Günümüz dünyasında başarı ve zenginlik, çoğu insan için hayattaki en büyük hedeflerden

biri hâline geldi. Elbette, maddi refah herkesin hakkıdır ve daha iyi bir yaşam sürmek için

çalışmak doğaldır. Ancak bazı insanlar diyemiyorum çoğu insanlar için para hırsı, sadece bir

motivasyon kaynağı olmaktan çıkıp, hayatlarının tek amacı hâline dönüşüyor. İşte tehlike de

tam bu noktada başlıyor.

Para kazanma arzusu, eğer ahlaki ve insani değerlerden bağımsız bir hâl alırsa, kişinin

karakterini ve toplumsal bağlarını zedeler hatta yok eder.Gözünü para hırsı bürüyen insan,

zamanla vicdanını devre dışı bırakır ve çıkarları doğrultusunda hareket etmeye başlar.

Kazanç sağlamak için her yolu mübah görür, bu kişiler, haksız kazanç elde etmekten,

başkalarının haklarını çiğnemekten ve hatta sevdiklerini dahi hiçe saymaktan çekinmezler.

Bu tür insanların en büyük yanılgılarından biri de, maddiyatın mutluluk ve huzur getirdiğine

inanmalarıdır. Oysa birçok araştırma, para ve mutluluk arasındaki ilişkinin belli bir seviyeden

sonra azaldığını gösteriyor. İnsan, temel ihtiyaçlarını karşılayacak ve kendini güvende

hissedecek kadar paraya sahip olduğunda, ekstra kazançlar onun mutluluğunu artırmıyor,

tam aksine, aşırı hırs ve doyumsuzluk, insanı sürekli bir tatminsizlik içinde bırakıyor.

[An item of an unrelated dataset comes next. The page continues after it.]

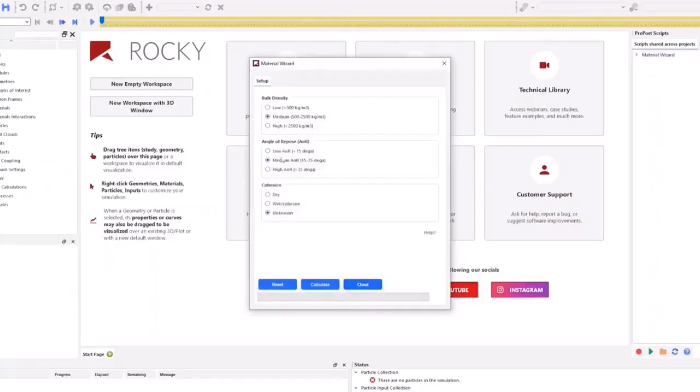All you need before you begin is some information about your material. These can be values taken from a material testing report, field measurements, or even your best guesses.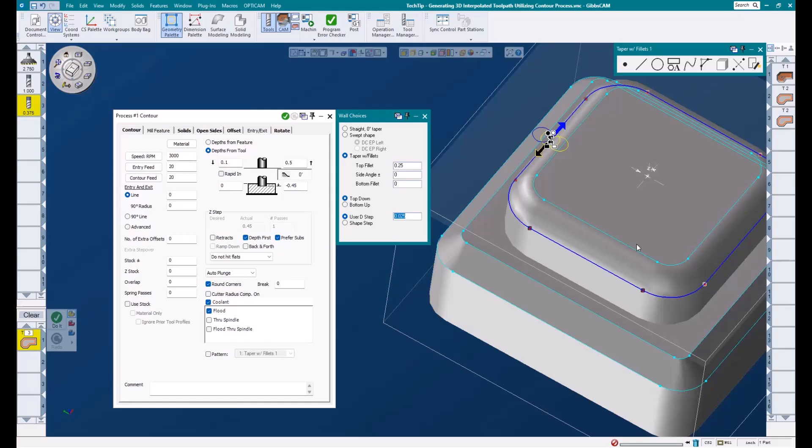It all depends on what type of surface finish you are looking for. A larger step is not going to output as much code, but the surface finish won't be as nice as a tighter step over amount. Also, remember that a bigger tool radius will allow for a larger step over amount while still being able to achieve a nice surface finish versus a smaller radius tool.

Bugün çevrem beni öncelikle ilgilendirdiği için oradan misal veriyorum,o nedenle;ortalama on

aileden sekizi maddi çekiciliğin hırsına yenik düşmüş,miras paylaşımının adaletinden,hakkın

ve vebalin tartısından uzaklaş mışlardır.

Gözünü para hırsı bürüyenler, zamanla yalnızlaşır. Önce iş arkadaşlarını, sonra dostlarını ve

en sonunda ailesini kaybederler. Çünkü onların gözünde her şeyin bir değeri vardır, ama

hiçbir şeyin gerçek anlamda bir kıymeti yoktur. Aile bağları, dostluklar ve insani ilişkiler, çıkar

ilişkisine dönüştüğünde, duygu

samimiyeti ortadan kalkar.O nedenle Eğer kişi yanlızlaşıyor,.sevilmiyor,..aranmıyor,..hal hatır

sorulmuyorsa,dönüp kendisini sorgulaması

gerekir.Tabiki çıkar ilişkisi içinde yapmacık dokunuşlar yapan insanlar hariç,onlar meslek

edinmişlerdir artık.

Bunun en büyük örneğini geniş aile içınde gördüğümüz gibi iş dünyasında görebiliriz. Kimi iş

insanları,kimi sonradan görmeler daha fazla kazanmak uğruna çalışanlarının haklarını gasp

eder, onların emeğini sömürür ve adaletsiz düzenler kurarlar. Kimi yatırımcılar, siyaset

sığıntıları, kısa vadeli kazançlar uğruna doğayı tahrip eder,gelecek nesilleri yok sayar

düşünmezler. Kimi politikacılar ve yöneticiler, sadece kendi çıkarlarını gözeterek, halkın

ihtiyaçlarını göz ardı ederler. İşte bu noktada, para hırsı bireysel bir sorundan çıkıp toplumsal

bir probleme dönüştüğünü söylemek mümkündür.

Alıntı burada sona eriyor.